The Bank of England's Special Liquidity Scheme, launched in April, allows banks to swap old mortgages for government paper but lenders say it has done little to improve the mortgage market. The scheme has so far accepted some £50bn of mortgage debt.
Crosby is also thought to have considered ways of allocating a kitemark or gold standard to mortgage securities to improve confidence in them.
There are already signs that competitive pressures are dragging mortgage rates down from elevated levels although they are still substantially above those seen a year ago.

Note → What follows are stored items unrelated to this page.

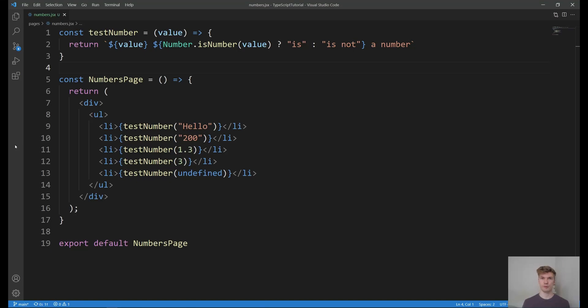If you think you're a good programmer, take a moment and see if you can find the bug in this piece of code. Pause the video and see if you can find it.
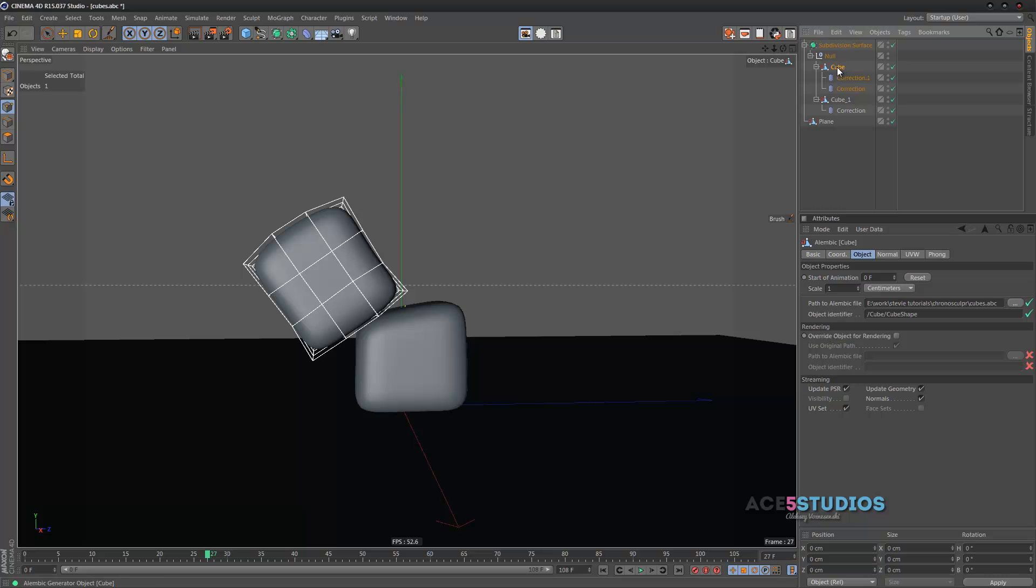Still got to figure out how to use textures because I can't see any UV maps here. Although here it says UV set. So maybe they work. I don't know. It's something to look into. Hopefully they work. But yeah, enjoy it. If you make a script, be sure to write it to me. Check out ChronoSculpt. That stuff's in the description. Yeah. I'll see you later.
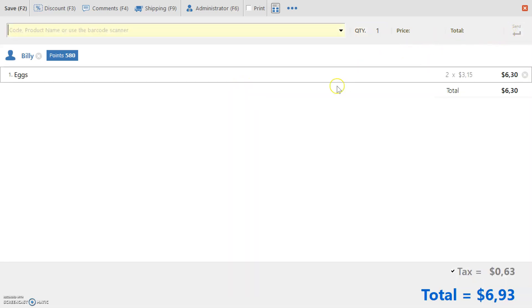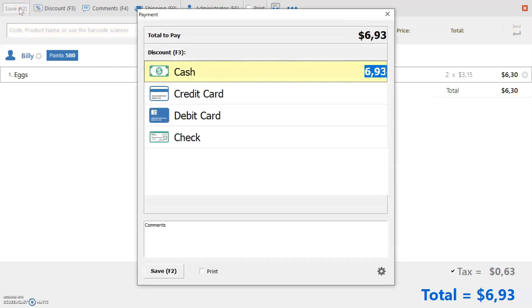Once you're ready, press Save F2 to go to the Payment screen. Now you can divide the amount into several payment methods, or just place the full amount that your customer will pay in cash.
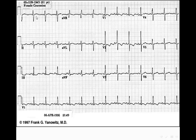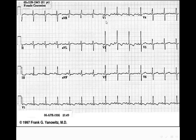Here there is right axis deviation — lead 1 is predominantly negative and lead 3 is predominantly positive, with aVR being predominantly positive, indicating intermediate right axis deviation. One of the causes of right axis deviation is right ventricular hypertrophy. In V1, there is a tall R wave with an inverted T wave, which shouldn't be that way normally — the R wave in V1 should be rudimentary and increase progressively toward V6 (R progression). The tall R in V1 with inverted T wave confirms RVH.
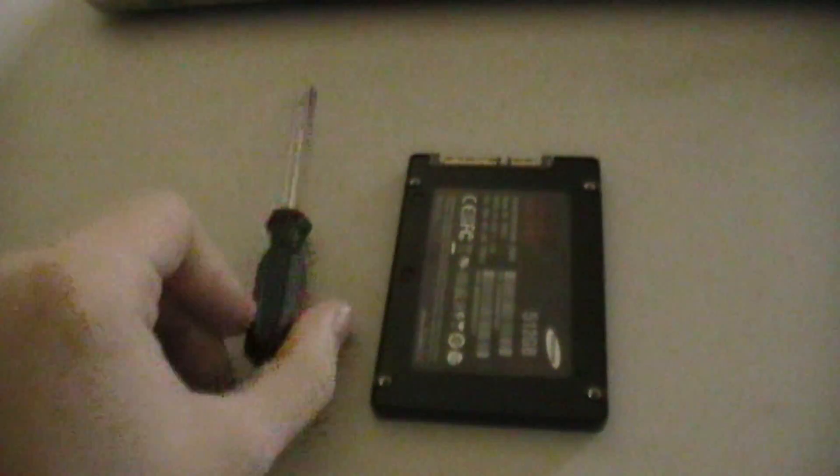The tools you'll need will be a Phillips head screwdriver for undoing the bottom of the laptop and your solid state drive.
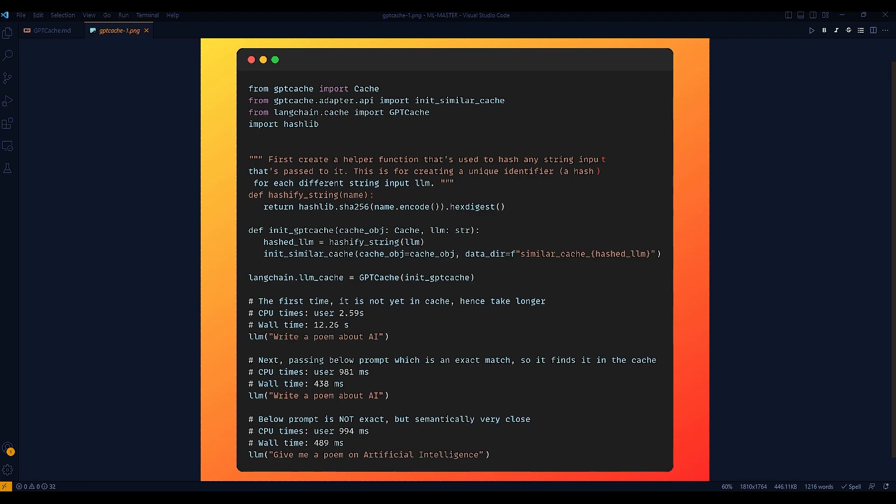It accepts a string name as input and the string is then converted to bytes using the .encode method. This is necessary because the hashing function requires a byte-like object. It then hashes these bytes using the SHA-256 algorithm via hashlib.SHA-256 name.encode method. And finally, it converts the hash object to a hexadecimal string representation using the hex digest method and returns this string.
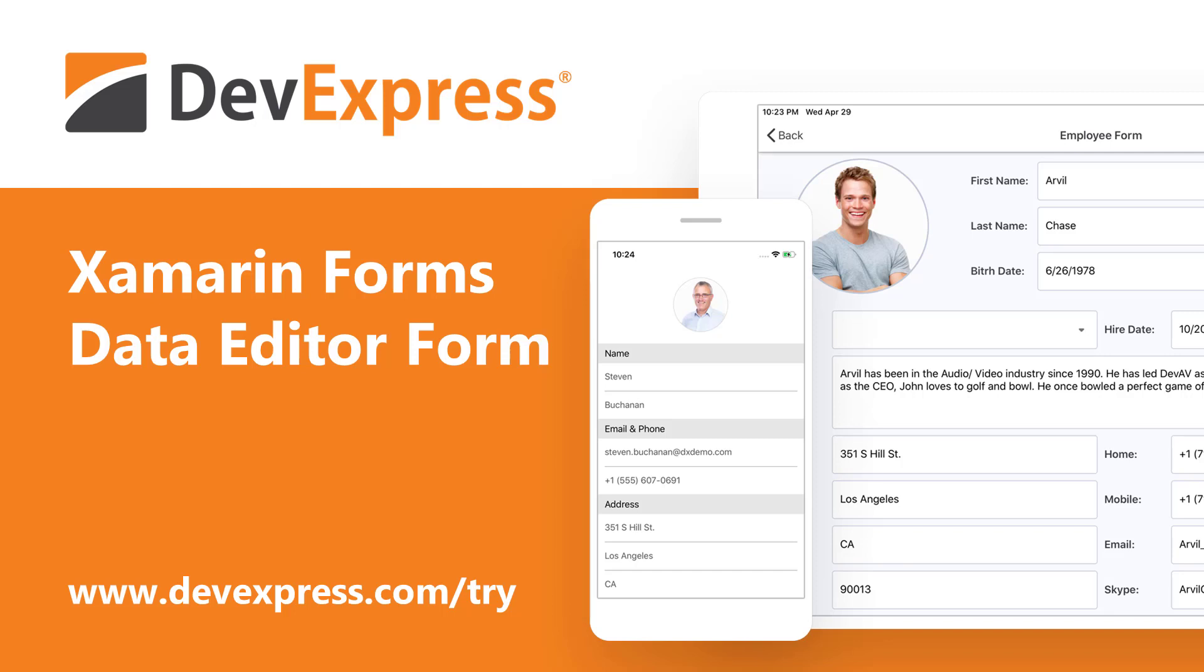Our newest update, version 20.1, ships with a number of new Xamarin Forms related features and products. If you're new to our Xamarin Forms product line and would like to review our What's New web page, please point your browser to devexpress.com/new to learn more.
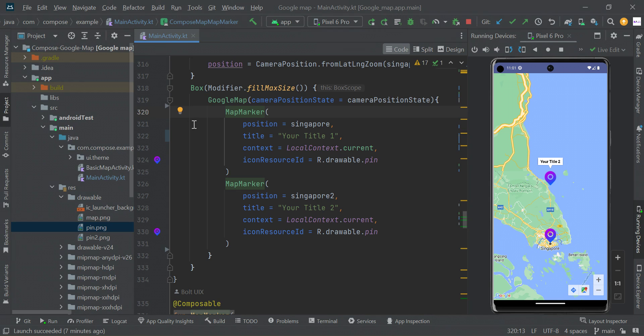Hey guys, in this video I will show you how to make a custom marker in Google Maps using Jetpack Compose.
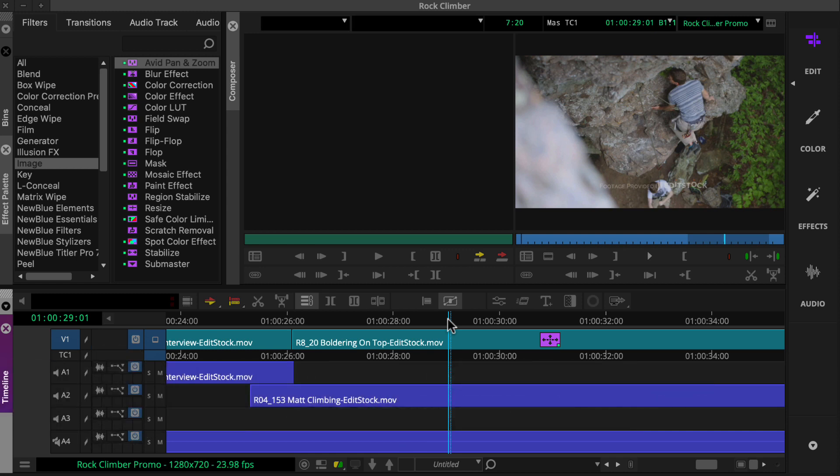A dual display setup is spacious and lovely, but may not be realistic for your situation or work style. Let's look at two interface nuances that may induce frustration while building effects in a single display environment, and more importantly, how to resolve them.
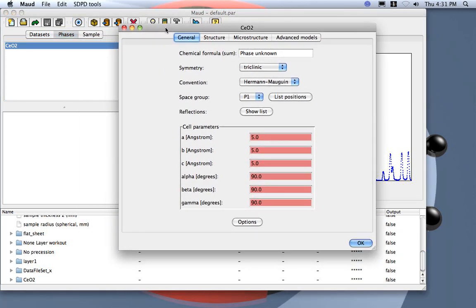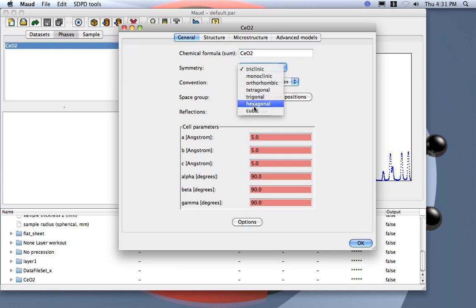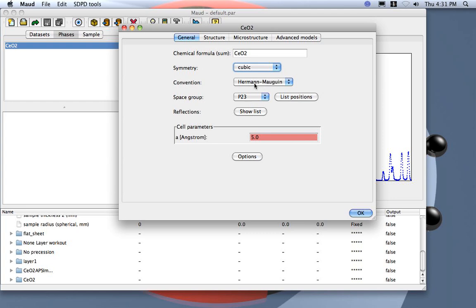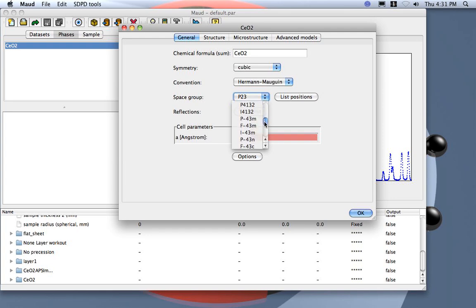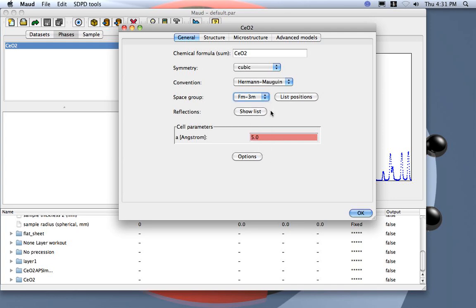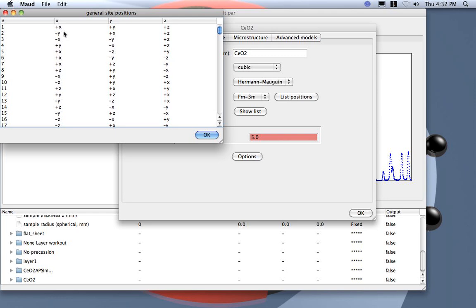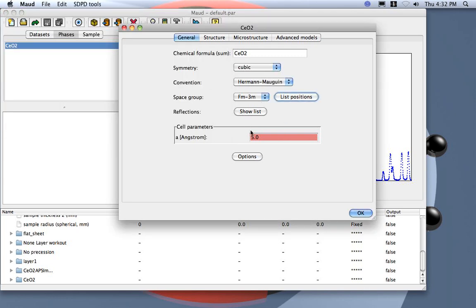Here you normally put the chemical formula and the name. This is cubic — you enter the space group. I advise using the Hermann–Mauguin convention, and the space group should be FM3M. You can also check the list of atomic positions if you are not sure, and compute the list of reflections.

Abbey, backed with funds from its Spanish parent Santander and building society Nationwide, is in particularly heated battle for business in a market previously dominated by HBOS.
Results from Abbey due today are expected to show it has won as much as a quarter of all new mortgages sold in the first six months of the year.
Jonathan Cornell, managing director of broker Hampton Mortgages, said: "We are nowhere near where we were before the credit crunch but we are seeing greater competition between the largest lenders."
But so far competition has been restricted to the mainstream mortgage market and usually only for those with at least a 25% deposit.
Nationwide recently cut its two-year fixed rate deal for new borrowers to 6.18% to 6.48%, and Abbey its from 6.54% to 6.34%.
Lloyds TSB yesterday trimmed the rate on its mortgages, including cutting the price of a two-year fixed rate mortgage by five basis points to 6.29%, its second cut in 11 days.
These loans are only for those with at least a 25% deposit and borrowers also have to pay a fee.
Separately, the Woolwich, which is part of Barclays, cut rates on its buy-to-let mortgages by up to 0.5%.
However, lenders faced a warning from debt management group TDX yesterday that falling household wealth is storing up consumer debt problems for the second half of this year.
The TDX Group Debt Index fell by 1% between the first and second quarters of the year, suggesting that conditions for creditors have improved slightly.
But it warned of a worsening outlook, with an 18% increase in the wealth and cost of living indicators of the index.
Mark Onyett, chief executive of TDX said: "We're already seeing far higher numbers of consumers struggling with personal debts and the pressure is set to intensify over the coming months."